Énergies renouvelables au Maroc : deuxième destination arabe des IDE

Le Maroc confirme sa position parmi les pays les plus attractifs du monde arabe pour les investissements directs étrangers (IDE) dans les énergies renouvelables. Selon le dernier rapport de la Société arabe pour la garantie des investissements et du crédit à l’exportation (Daman), le Royaume se classe deuxième destination régionale en matière d’accueil des capitaux étrangers dans le secteur de l’électricité verte.

Sur la période 2003-2024, les investissements étrangers dans les filières solaire et éolienne ont dépassé 38,1 milliards de dollars, répartis sur 55 projets portés par 32 entreprises, avec à la clé la création de 12.267 emplois, soit 15% des postes générés à l’échelle arabe dans ce secteur.

Le rapport souligne la domination marocaine dans l’électricité éolienne, avec 42% de la production régionale, portée par des infrastructures de référence comme le complexe solaire Noor Ouarzazate et les parcs éoliens de Tarfaya et Midelt.

Sur le plan commercial, le Maroc renforce également son intégration dans les chaînes de valeur énergétiques régionales.
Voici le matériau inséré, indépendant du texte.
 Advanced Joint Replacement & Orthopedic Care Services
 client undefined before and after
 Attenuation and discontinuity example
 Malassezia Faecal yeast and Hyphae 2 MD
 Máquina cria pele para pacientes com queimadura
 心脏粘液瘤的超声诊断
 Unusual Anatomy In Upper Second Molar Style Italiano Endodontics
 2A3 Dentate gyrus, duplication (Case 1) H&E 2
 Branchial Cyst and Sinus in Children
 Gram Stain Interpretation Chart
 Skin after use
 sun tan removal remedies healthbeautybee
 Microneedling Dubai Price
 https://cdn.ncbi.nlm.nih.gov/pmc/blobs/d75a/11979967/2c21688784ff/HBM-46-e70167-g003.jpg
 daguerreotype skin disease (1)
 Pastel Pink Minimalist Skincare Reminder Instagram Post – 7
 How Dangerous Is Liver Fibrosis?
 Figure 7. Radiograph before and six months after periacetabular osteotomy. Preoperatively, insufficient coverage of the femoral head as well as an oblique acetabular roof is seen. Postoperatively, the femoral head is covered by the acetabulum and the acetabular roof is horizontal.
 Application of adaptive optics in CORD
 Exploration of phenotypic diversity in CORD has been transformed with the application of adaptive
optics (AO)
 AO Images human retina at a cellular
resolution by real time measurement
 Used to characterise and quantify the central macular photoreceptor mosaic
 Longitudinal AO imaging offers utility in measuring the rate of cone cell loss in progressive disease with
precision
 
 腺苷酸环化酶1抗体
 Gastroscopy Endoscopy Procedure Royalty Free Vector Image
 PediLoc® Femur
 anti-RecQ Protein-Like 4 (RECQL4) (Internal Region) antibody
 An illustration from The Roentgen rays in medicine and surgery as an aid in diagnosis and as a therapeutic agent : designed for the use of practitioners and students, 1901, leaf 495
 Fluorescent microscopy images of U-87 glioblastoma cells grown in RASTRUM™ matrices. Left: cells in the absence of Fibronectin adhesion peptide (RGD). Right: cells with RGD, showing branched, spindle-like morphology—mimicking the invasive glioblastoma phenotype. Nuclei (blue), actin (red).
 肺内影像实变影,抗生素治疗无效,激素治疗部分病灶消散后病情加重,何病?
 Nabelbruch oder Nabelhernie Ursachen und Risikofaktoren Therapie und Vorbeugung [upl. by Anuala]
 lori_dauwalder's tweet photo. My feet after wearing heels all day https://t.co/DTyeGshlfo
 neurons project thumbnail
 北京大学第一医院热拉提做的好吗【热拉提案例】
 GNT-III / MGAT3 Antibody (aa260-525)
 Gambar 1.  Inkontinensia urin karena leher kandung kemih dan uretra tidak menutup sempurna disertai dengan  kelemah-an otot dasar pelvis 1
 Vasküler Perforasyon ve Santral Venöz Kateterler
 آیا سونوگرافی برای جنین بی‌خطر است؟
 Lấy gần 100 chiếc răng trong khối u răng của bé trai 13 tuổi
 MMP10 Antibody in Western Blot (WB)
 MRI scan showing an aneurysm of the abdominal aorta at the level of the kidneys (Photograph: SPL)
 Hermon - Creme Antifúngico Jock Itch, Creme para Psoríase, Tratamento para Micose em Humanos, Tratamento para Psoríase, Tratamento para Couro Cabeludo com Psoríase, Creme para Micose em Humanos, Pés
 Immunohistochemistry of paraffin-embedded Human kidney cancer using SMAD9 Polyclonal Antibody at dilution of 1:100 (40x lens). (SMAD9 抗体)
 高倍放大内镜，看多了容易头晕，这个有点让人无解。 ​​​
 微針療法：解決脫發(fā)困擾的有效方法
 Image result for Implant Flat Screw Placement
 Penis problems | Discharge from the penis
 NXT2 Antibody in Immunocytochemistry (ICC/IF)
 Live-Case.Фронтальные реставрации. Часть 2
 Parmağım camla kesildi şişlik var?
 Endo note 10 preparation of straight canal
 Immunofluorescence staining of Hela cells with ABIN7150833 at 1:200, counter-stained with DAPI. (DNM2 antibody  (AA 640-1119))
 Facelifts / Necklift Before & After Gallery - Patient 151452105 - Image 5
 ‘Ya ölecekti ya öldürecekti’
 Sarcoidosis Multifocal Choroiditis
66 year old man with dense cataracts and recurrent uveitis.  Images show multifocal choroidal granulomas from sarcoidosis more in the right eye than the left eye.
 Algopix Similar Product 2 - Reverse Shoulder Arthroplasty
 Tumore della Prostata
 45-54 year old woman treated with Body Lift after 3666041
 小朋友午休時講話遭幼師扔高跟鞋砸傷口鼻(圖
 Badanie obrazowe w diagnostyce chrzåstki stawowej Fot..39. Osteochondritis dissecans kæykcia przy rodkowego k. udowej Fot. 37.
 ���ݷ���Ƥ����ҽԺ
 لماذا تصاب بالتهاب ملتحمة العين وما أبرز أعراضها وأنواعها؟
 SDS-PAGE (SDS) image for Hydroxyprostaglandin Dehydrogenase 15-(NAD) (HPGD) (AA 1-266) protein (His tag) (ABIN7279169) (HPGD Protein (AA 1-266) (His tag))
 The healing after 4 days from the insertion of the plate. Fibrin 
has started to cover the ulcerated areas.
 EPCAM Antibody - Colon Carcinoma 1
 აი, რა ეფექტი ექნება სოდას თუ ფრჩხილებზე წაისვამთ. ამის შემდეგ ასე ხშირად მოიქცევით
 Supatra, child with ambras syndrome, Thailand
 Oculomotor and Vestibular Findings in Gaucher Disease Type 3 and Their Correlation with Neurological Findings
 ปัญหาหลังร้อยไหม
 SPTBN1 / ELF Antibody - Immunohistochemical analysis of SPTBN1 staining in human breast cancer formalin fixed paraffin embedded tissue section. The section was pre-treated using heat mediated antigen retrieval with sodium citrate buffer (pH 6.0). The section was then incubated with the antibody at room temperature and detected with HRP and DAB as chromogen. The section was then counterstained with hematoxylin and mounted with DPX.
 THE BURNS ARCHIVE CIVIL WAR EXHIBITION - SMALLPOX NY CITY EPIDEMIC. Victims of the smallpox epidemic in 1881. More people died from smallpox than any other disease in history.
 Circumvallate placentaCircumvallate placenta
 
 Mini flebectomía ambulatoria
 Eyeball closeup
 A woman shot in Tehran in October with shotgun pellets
En 2024, il figure parmi les cinq pays arabes concentrant 81% du commerce d’équipements de production électrique. Le Royaume s’impose aussi comme important exportateur d’électricité, avec 30,2 millions de dollars, soit 20,7% des exportations régionales, tout en se positionnant comme troisième importateur arabe d’électricité et d’équipements énergétiques, avec 2,8 milliards de dollars.

La stratégie énergétique nationale, qui vise une part de plus de 52% d’énergies renouvelables dans le mix électrique d’ici 2030, soutient fortement cette attractivité. En 2025, la production d’électricité devrait atteindre 43,1 TWh, avec près d’un tiers issu des renouvelables.

Mais les rapports internationaux attirent aussi l’attention sur les défis technologiques du solaire thermodynamique. Le complexe Noor Ouarzazate a connu en 2024 plusieurs dysfonctionnements entraînant un arrêt de neuf mois et des pertes évaluées à 47 millions de dollars.

Face à ces contraintes, le Maroc réoriente progressivement ses choix technologiques. Le projet Noor Midelt I, initialement conçu comme hybride CSP-PV, a été recentré sur le photovoltaïque avec stockage par batteries. Les phases Noor Midelt 2 et 3 ont suivi la même voie, matérialisant un virage stratégique vers des solutions devenues plus fiables et moins coûteuses.

Selon l’Agence internationale pour les énergies renouvelables (IRENA) et Climate Policy Initiative, cette évolution s’inscrit dans une tendance mondiale marquée par une baisse des investissements dans le solaire thermodynamique, estimée à -32% en 2024.

Soutenue par les banques de développement et les fonds climatiques internationaux, notamment européens, la transition marocaine s’oriente désormais vers un modèle fondé sur le photovoltaïque, l’éolien et le stockage, renforçant le rôle du Royaume comme acteur clé de la transition énergétique régionale.